Leave aside, for the moment, the question of what the standard for access to these records ought to be. What should be striking is that the people who voted on the language in the reauthorization bill seem to have believed it would create a stricter standard for access to the covered records, not a weaker one. It should be mentioned that this provision was one of the few “safeguards” to be included in the Republican version of the reauthorization statute produced in conference committee, and it’s possible that some of those responsible for its inclusion understood what its true effect would be. But it appears that even Sen. Patrick Leahy (D-VT), who now chairs the Senate Judiciary Committee and is surely one of the most knowledgeable and attentive legislators on surveillance policy, was unaware of how DOJ had construed the law:
While I believe that the conference report is an improvement over current law, the provisions related to section 215, national security letters, and roving wiretaps have still given me pause. First, under section 215, also called the business records provision, current law allows the Justice Department to obtain medical records, business records, library records, or other tangible items of individuals by merely showing that the items are relevant to a terrorism investigation.
Crucially, I can’t find any indication that any of the various civil liberties groups who were following the reauthorization process understood this either. That’s important because in most policy areas, outside lobbying groups—in addition to pushing for their preferred outcomes—effectively subsidize the legislative process by providing what amount to free legal analysis and consulting services. In the intelligence arena, however, there’s a stark information asymmetry: The intelligence officials and DOJ attorneys who brief members of Congress have access to an enormous amount of information that is unavailable to groups like the American Civil Liberties Union or the Electronic Frontier Foundation. Legislators and their overburdened staffs have access to the relevant information in theory, but there’s a firewall between them and the outside groups to whom legislative analysis functions are often effectively outsourced.

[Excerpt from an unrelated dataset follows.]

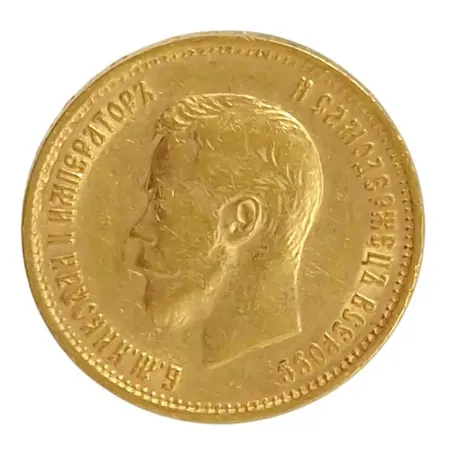 Guldmynt, Ryssland 10 Rubel 1899, Nicholas II, 900/1000 (21,6K), Ø22,5 mm Vikt: 8,6 g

The problem in its general form is hardly new—EFF attorney Kevin Bankston has analyzed a variety of other surveillance contexts in which a similar “secret law” problem exists. But it’s harder to think of a more pointed illustration of the problem of “oversight theater” than this. The overseers—or at least some of them—understood themselves to be carrying out their watchdog function by tightening the safeguards on sensitive records, but unwittingly achieved the opposite result by implying that the existing safeguards had been superseded. It’s a good case to bear in mind when surveillance hawks argue that vigorous legislative oversight is any kind of functional substitute for the traditional judicial scrutiny we’ve been diluting away.